(Stored data entries)
↓↓↓
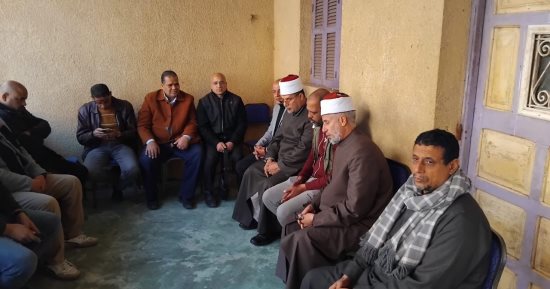 وفد من الأزهر الشريف يقدم العزاء لأسرة طفلة عثر على جثتها فى جوال بالغربية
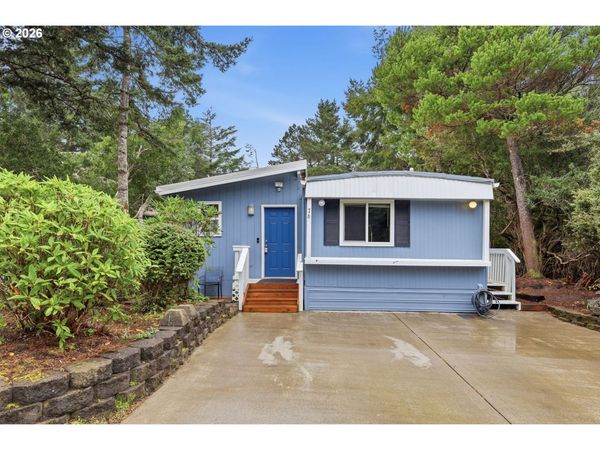 1600 RHODODENDRON DR, Unit 76, Florence, OR 97439
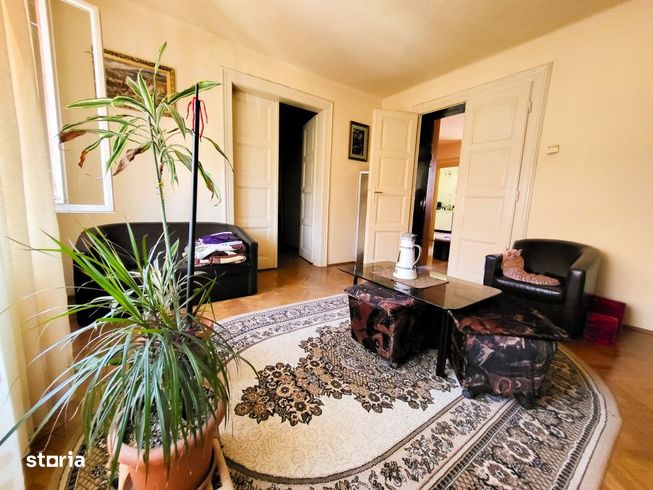 Casa 8 Camere, 3 Apartamente, Singur in curte-9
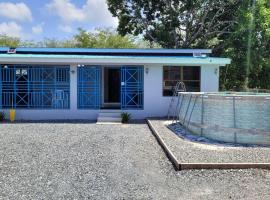 Container 2 with pool, free wifi, fully equiped, hotel met parkeren in Pole Ojea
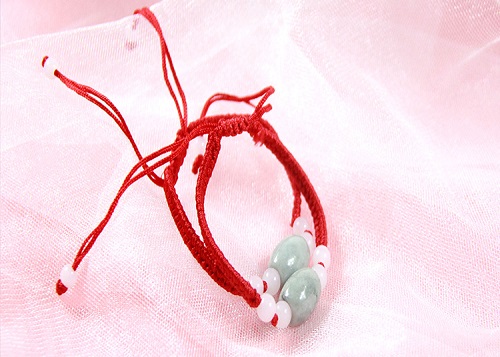 4月7日，拿回家做的手工副業(yè)，靈活就業(yè)項(xiàng)目，與手工之家合作，農(nóng)村和城市，誰更有優(yōu)勢(shì)，圖為勵(lì)志珠珠繡串珠手工產(chǎn)品剪影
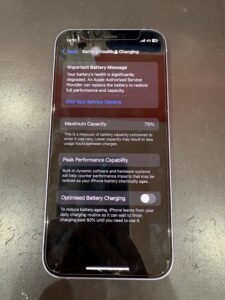 「iPhone12 miniのバッテリー最大容量が79％になり、川口市で即日修理したバッテリー交換の事例。データそのままで安心修理。」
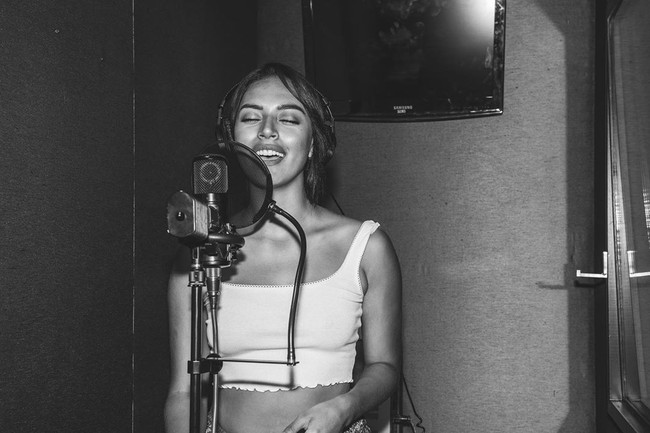 Dikabarkan Heavy, Sela Vave sudah merilis single pertamanya saat masih berusia 13 tahun. Judul lagunya I Am a Child of God. (Foto: Instagram/@selavave)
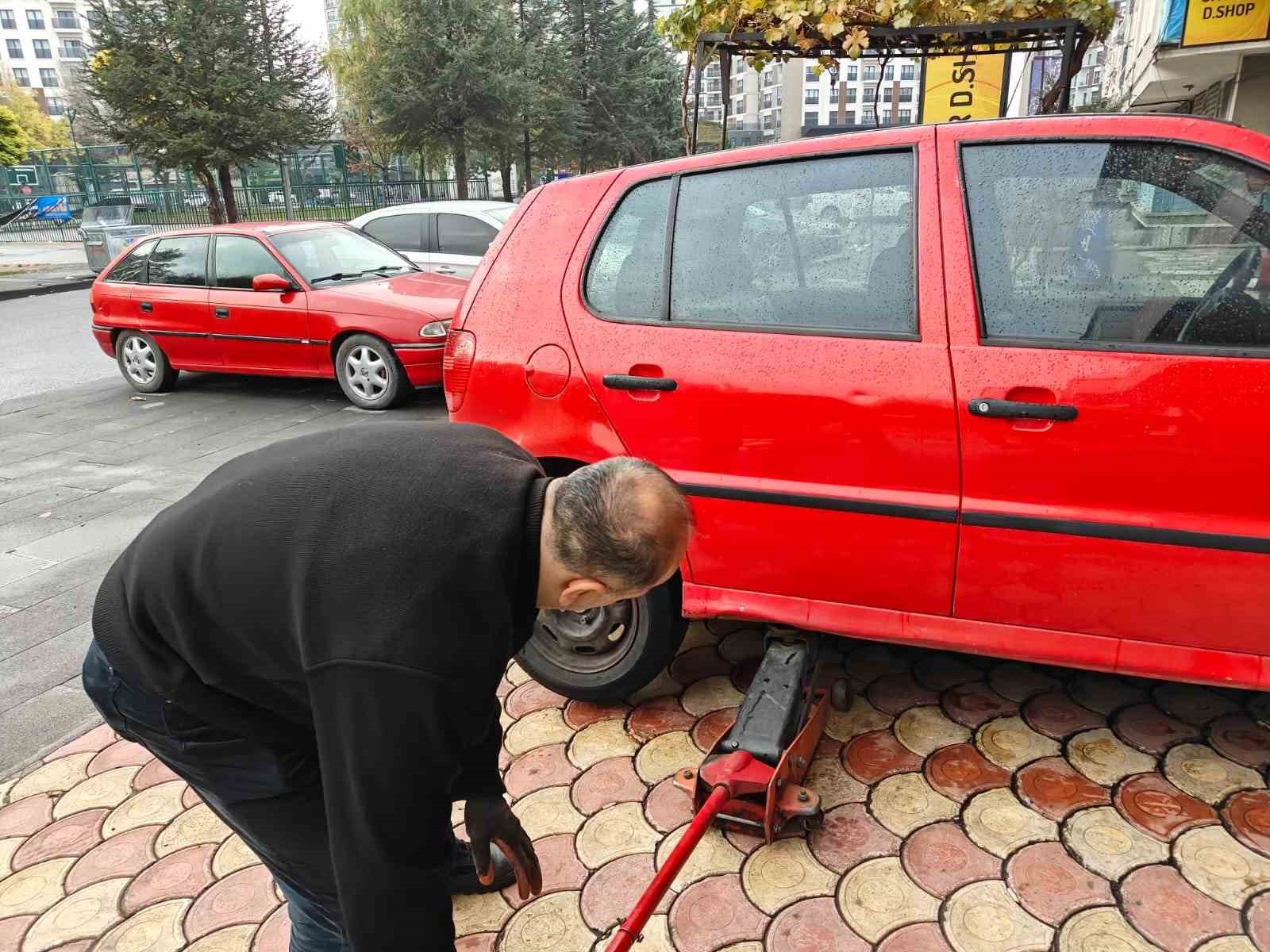 KAYSERİ’DE OTO LASTİKÇİLİK YAPAN FATİH DURMUŞ, 15 KASIM’DA BAŞLAYACAK OLAN KIŞ LASTİĞİ UYGULAMASI...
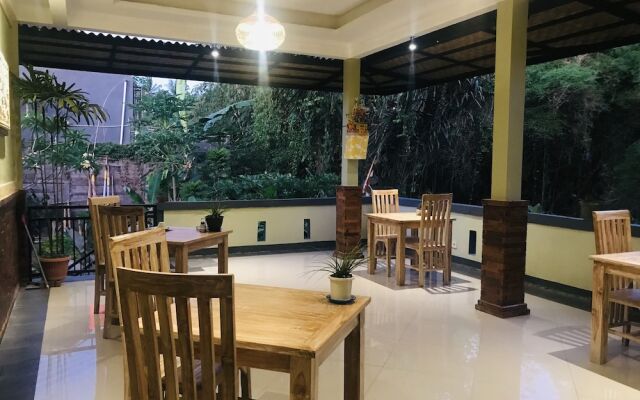 Suastika Bed and Breakfast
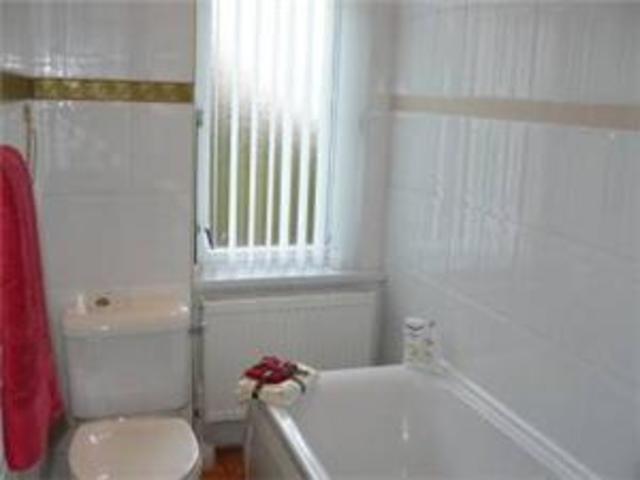  Image of 2 bedroom Flat to rent in Craigpark Dennistoun Glasgow G31 at Dennistoun Glasgow Glasgow, G31 2NN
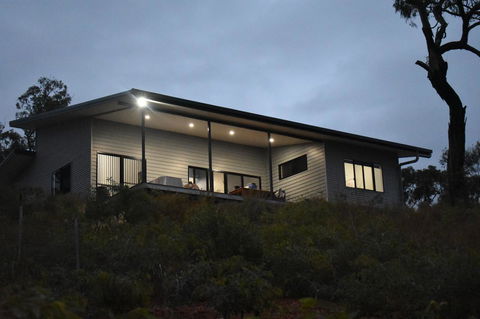 Ironbark House - Suburb Australia 3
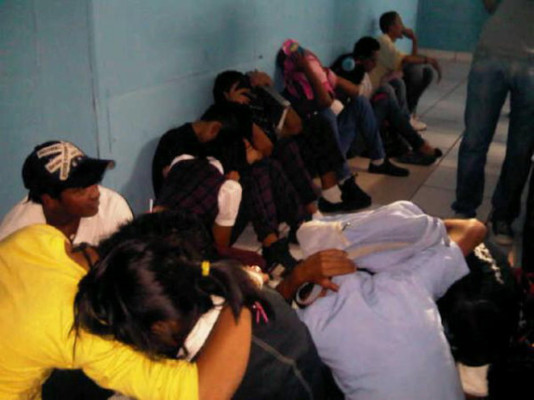 Policía detiene a 17 estudiantes en estado de embriaguez en el centro de Tegucigalpa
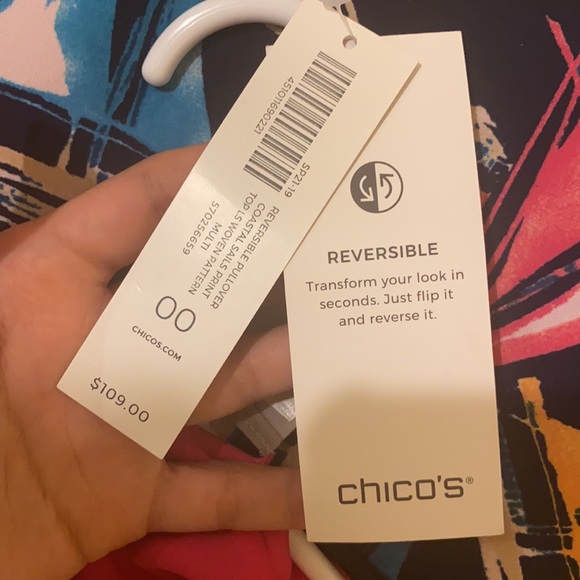 CHICO’S Reversible pullover coastal sails print - Picture 6 of 6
↑↑↑
What is needed:
The expected result is the data above in exact form, free of pictures.

Answer area:
 وفد من الأزهر الشريف يقدم العزاء لأسرة طفلة عثر على جثتها فى جوال بالغربية
 1600 RHODODENDRON DR, Unit 76, Florence, OR 97439
 Casa 8 Camere, 3 Apartamente, Singur in curte-9
 Container 2 with pool, free wifi, fully equiped, hotel met parkeren in Pole Ojea
 4月7日，拿回家做的手工副業(yè)，靈活就業(yè)項(xiàng)目，與手工之家合作，農(nóng)村和城市，誰更有優(yōu)勢(shì)，圖為勵(lì)志珠珠繡串珠手工產(chǎn)品剪影
 「iPhone12 miniのバッテリー最大容量が79％になり、川口市で即日修理したバッテリー交換の事例。データそのままで安心修理。」
 Dikabarkan Heavy, Sela Vave sudah merilis single pertamanya saat masih berusia 13 tahun. Judul lagunya I Am a Child of God. (Foto: Instagram/@selavave)
 KAYSERİ’DE OTO LASTİKÇİLİK YAPAN FATİH DURMUŞ, 15 KASIM’DA BAŞLAYACAK OLAN KIŞ LASTİĞİ UYGULAMASI...
 Suastika Bed and Breakfast
  Image of 2 bedroom Flat to rent in Craigpark Dennistoun Glasgow G31 at Dennistoun Glasgow Glasgow, G31 2NN
 Ironbark House - Suburb Australia 3
 Policía detiene a 17 estudiantes en estado de embriaguez en el centro de Tegucigalpa
 CHICO’S Reversible pullover coastal sails print - Picture 6 of 6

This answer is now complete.